In your mind, is there a connection between external communications and internal communications?
Definitely so! We usually say that companies are built on three building blocks: strategy, structure, and culture. Strategy is something that we can take from another competitor if we want to. The structure can also be copied and pasted from someone else. But the culture is unique – that is something that comes from within. When we discuss marketing, we often relate that to external activities and external communications, but everything we communicate externally comes from within.
What trends or shifts have you seen over the course of your career?
If you look back 30 years ago, so many things have changed. We have gone from analog to digital, from push to pull, and from mass communication to direct communication. We used to talk about “made in” or “made by”, today we talk about “made how”, or “made why”.
We are in a paradigm shift when it comes to customer behaviors, marketing, and business processes. Take the Edelman Trust Barometer, for instance. When they asked businesses which is the most important stakeholder, this has always been the customers. This year, for the first time ever, it’s the employees.
Sir Richard Branson, put that together in a smart way, I think, because the clients are, of course, important. But he said our client is not the most important one, our people are; if we take care of our people, they will take care of our clients. And that creates a kind of circular way of looking at it, which I appreciate.
As a leader, do you have anything to say to young, aspiring professionals?
My advice to young professionals is actually two: First is being a can-do person. By this, I mean that you should say yes to many things. That doesn’t mean you should say yes to everything, but the perception of you that you want to create is that you are a person one goes to when action is needed. And action is important – action speaks louder than words. My second piece of advice is to be yourself. Don’t try to play a role. Don’t try to act like what you think the bosses want to see or what marketeers should do. Act according to who you are.
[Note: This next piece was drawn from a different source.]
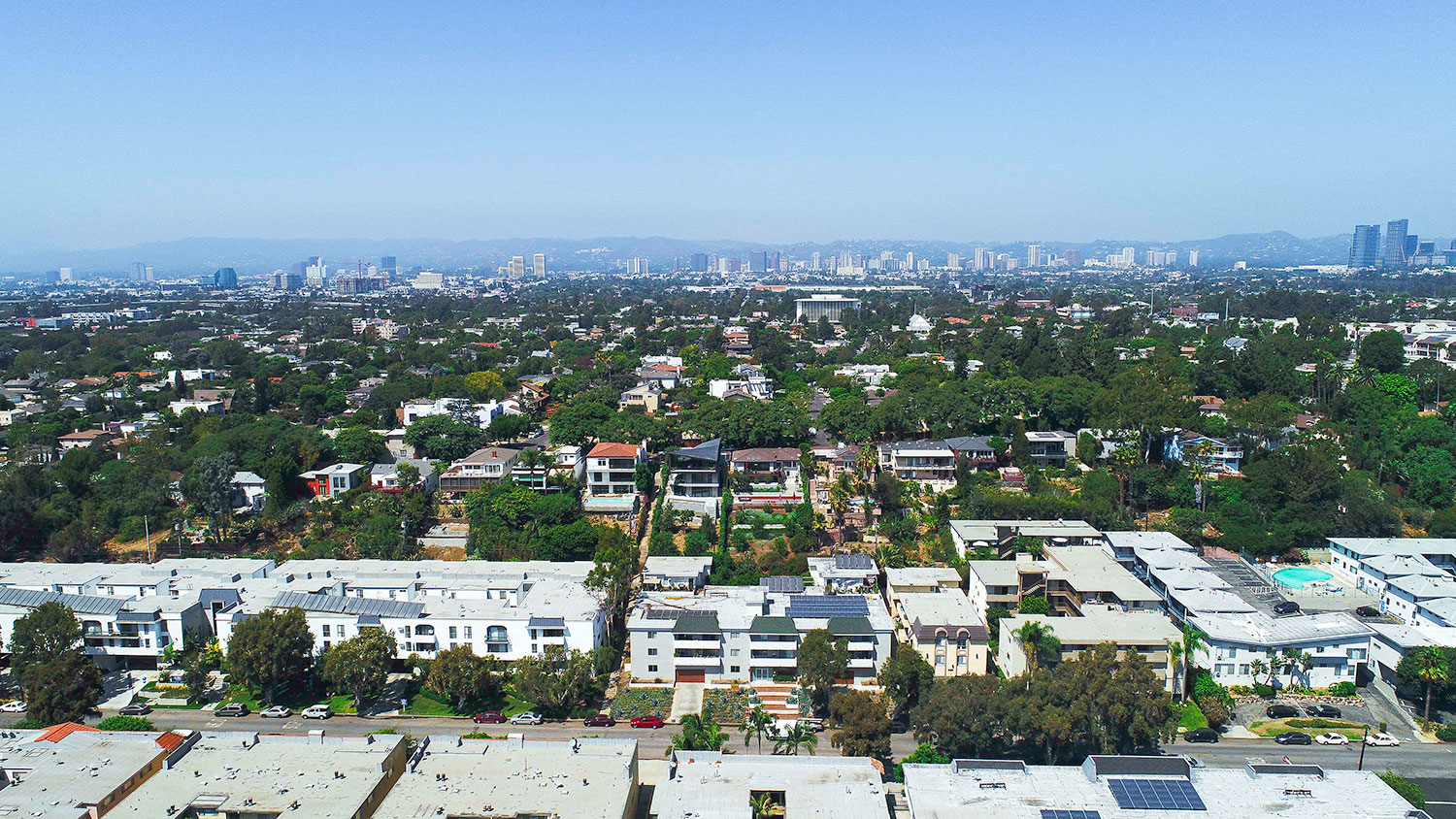 Aerial drone view of Rose North Apartments showing the Palms neighborhood of Los Angeles.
You’ve mentioned kind management, what is that?
Kind management is ordinary leadership skills based on human values and human needs. Human-centric leadership, basically. People want to contribute to the best of their abilities, and they want to be recognized for their efforts. They want to be listened to, and this requires leadership that is open-minded and that creates an atmosphere of trust where people are not afraid to try new things or speak their minds. The only way to achieve this is to walk the talk. I see it every day when you greet people, when you say thank you, or when you recognize what they’re doing. It starts with small everyday steps.
The conclusion when it comes to kind management is that human capital is the driver for success and that caring is the ultimate human currency.